Tag Archives: winter storms

Blizzard Warning…

I was first introduced to a “blizzard warning” during the winter of 1996 when my favorite farmer and I traveled back to Nebraska for a visit. I remember standing by the window at Matt’s parents’ house fascinated with how the snow flakes whipped across the prairie in a frantic horizontal pattern.  As a three year resident of New Hampshire, I expected to see the nice gentle New England vertically falling snow that covered the country like a gentle white blanket.

When I became a Nebraskan a year later, I quickly learned that is not the kind of snow that typically visits Nebraska…

Before the storm...

Before the storm…

Almost twenty years later, I hear the term “blizzard warning” and my stomach automatically clenches.

Mother Nature brings along a blizzard every couple of years with varying intensities and snow fall amounts.  However, there is always one constant: a howling wind. It amazes me how much havoc can be wrought with a little bit of snow and a 30-70 mph wind. White out conditions desecrate visibility and create snow drifts as tall as my house, while brutally cold temperatures make it virtually impossible to stay warm while outside doing chores.
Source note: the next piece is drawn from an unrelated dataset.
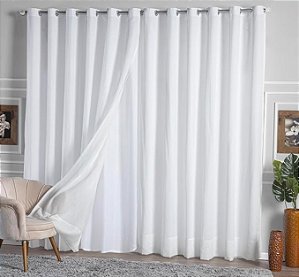 Cortina Bella Janella Duplex 420X280 Monaco/Linho Marfim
Ten years ago, on Thanksgiving weekend, we received 6-8” of snow with 70-80 mph winds. The storm lasted over 36 hours and it took us weeks to repair the damage. To put it in perspective (or at least in Florida lingo), a category 5 hurricane carries winds in excess of 70 mph. These blizzard storms result in power-line and tree damage similar to a hurricane, but then you exchange rain for snow and add on bitterly cold temperatures.

Tonight, winter storm Kayla will lash out at Central Nebraska and Northern Kansas. The snow began to fall earlier in the day while we were working cattle about 11:00am this morning, but the bulk of the accumulation will occur over night. It is likely that we will receive up to a foot of snow. While 12” of snow provides some work with both a scoop shovel and a tractor, it is not the snow itself that will disrupt life on the farm.

beattiecalfsnow.jpg

The wind will be the debilitating factor.

At this point, we are expected to receive 35-45 mph winds beginning tonight and continuing for about 24 hours. Today, we did our best to prepare for the storm, in addition to performing our normal feed yard chores. Three years ago, prior to Winter Storm Q, I blogged about how we prepare for a storm. You can read that by clicking here.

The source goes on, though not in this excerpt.